Save the Maldives!
Full fathom five thy father lies, His aqualung was undersized*
In October 2009 the government of the Maldives held a cabinet meeting underwater to highlight the imminent threat that global warming presented to the archipelago. According to National Geographic “the Maldives may be the first country on Earth to disappear beneath rising seas”. Yet in March 2024 President Mohamed Muizzu announced that nine new airports were to be built across the islands.
Rising seas are amongst the most tangible features of climate change. CO2 is invisible and rising temperatures may go unnoticed in the short term – but we are hardly likely to overlook islands disappearing beneath the waves. The Maldives has an average elevation of just 1.5 metres, about the same as the rise in sea level predicted this century by some climate scientists. So is President Muizzu merely fiddling whilst the Maldives drown, or is the story slightly more complicated?
The Maldives are a group of coral atolls located about 1000 kilometres south of India.

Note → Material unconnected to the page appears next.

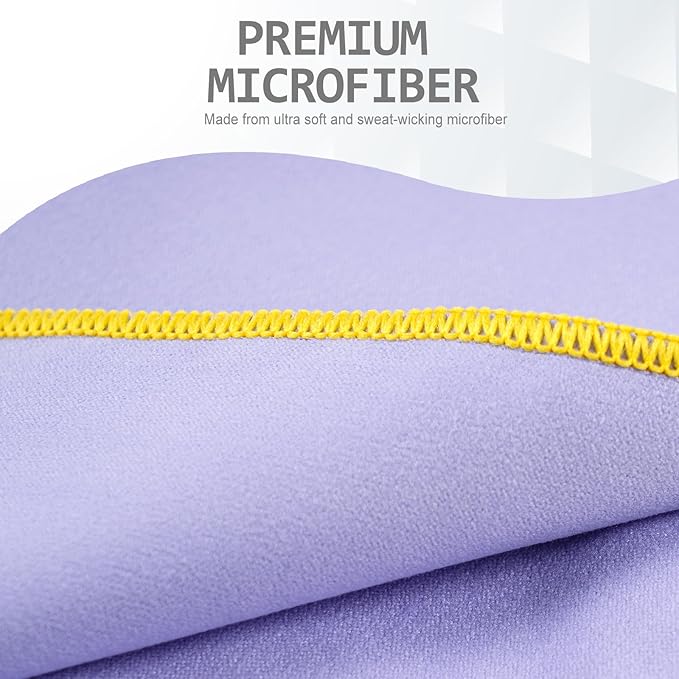 4 Set Quick Dry Camping Towel, Microfiber Travel Towel Super Absorbent Fast Drying Towel for Camping, Beach, Gym, Backpacking & Swimming(Four 3-Piece Towel Sets, Army Green/ Grey/ Taro Purple/ Pink)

The surrounding ocean is about 2000 metres deep. Coral atolls develop in the shallow water around volcanic islands that rise from the oceanic depths. As the islands sink, or sea level rises, coral must grow upwards to maintain access to sunlight. Fortunately corals are vigorous reef builders and can cope with most natural rates of subsidence or sea level rise. Modern atolls have had to grow upwards by about 120 metres since the last ice age. That’s nearly a centimetre (cm) a year on average. But much higher growth rates were needed during the main phase of melting, from 15,000 to 8,000 years ago. Then, sea level was rising at up to 4 cm per year for centuries, as shown in Figure 1 below. The Maldive corals kept pace with that rise
By 7,000 years ago most of the North American and Eurasian ice caps had melted and sea level rise slowed abruptly. We have been able to measure that slow rise with some precision since the introduction of tide gauges about 200 years ago. The tide gauges indicate a relatively constant rise over that period of about 1.7 millimetres (mm) per year. That is about one twentieth of the maximum rate and equates to a rise of 17 cm (about 7 inches) per century. This rise in sea level was, of course, entirely natural and controlled by insolation changes linked to Earth’s orbit round the Sun.

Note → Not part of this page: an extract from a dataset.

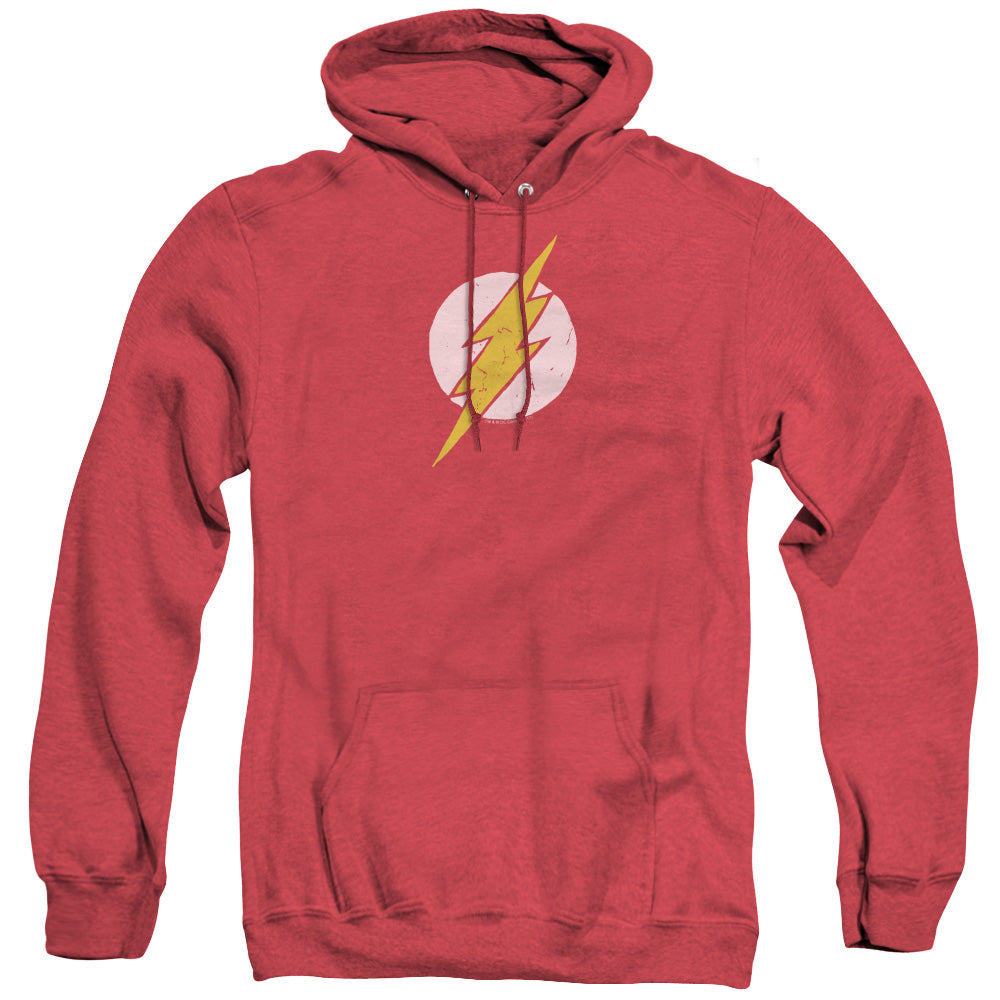 Justice League Rough Flash Heather Mens Hoodie Red Officially Licensed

If the tide gauges are correct, it will take nearly 1000 years to drown the Maldives. Yet the Maldives government thinks their islands may be gone within a century – why? The answer to that question starts with satellite data that NASA has been acquiring for the past 30 years. The first satellite measurements of sea level were taken by NASA’s TOPEX/Poseidon satellite in 1992 - several other satellites have followed since. In less than 30 years climate scientists concluded from these new data that the rate of sea level rise was increasing and is now double the historic average.
Take a look at Figure 2 below (from Nerem et al 2022). This chart purports to show sea level rise increasing from 1960 to 2020. The authors fit a quadratic function to the data and conclude that the curve is steepening towards the present day. This all looks very convincing – high quality satellite data allied with mathematical modelling has revealed what those tide gauges missed. Projecting this curve forward in time indicates a sea level rise of about 10-20 cm by 2050 (2-4 times that suggested by tide gauges).
You don’t really need the maths to see that the curve seems to be steepening upwards. But there are other obvious features of the chart that go unremarked by the authors. For example, what happens before 1960? The orange curve shows a rapid increase in sea level between 1940 and 1960. Why is this not modelled? No prizes for guessing that it would not fit the quadratic function. Remember that this function is not evidence of any kind – it is simply a curve that happens to match the ‘best-fit’ observations from 1960 to 2020. It does though allow the authors to conclude that recent sea level rise is non-linear and that opens the door to an attribute beloved of climate alarmists – acceleration. Acceleration is essential if we are to submerge coral atolls in the next century. Even the doubling of rates claimed for the satellite data will only produce about a half-metre rise by 2100.
Before worrying about that, let’s take a longer view again. Figure 3 shows a reconstruction of sea level back to 1850. Here we can see that there are lots of apparent changes in rate. One of the slowest rates was during the 1960 and 70’s – the period that Nerem et al used to start their modelling exercise. But look further back in time and you will see other sluggish periods followed by rapid rises. None of these rises were sustained.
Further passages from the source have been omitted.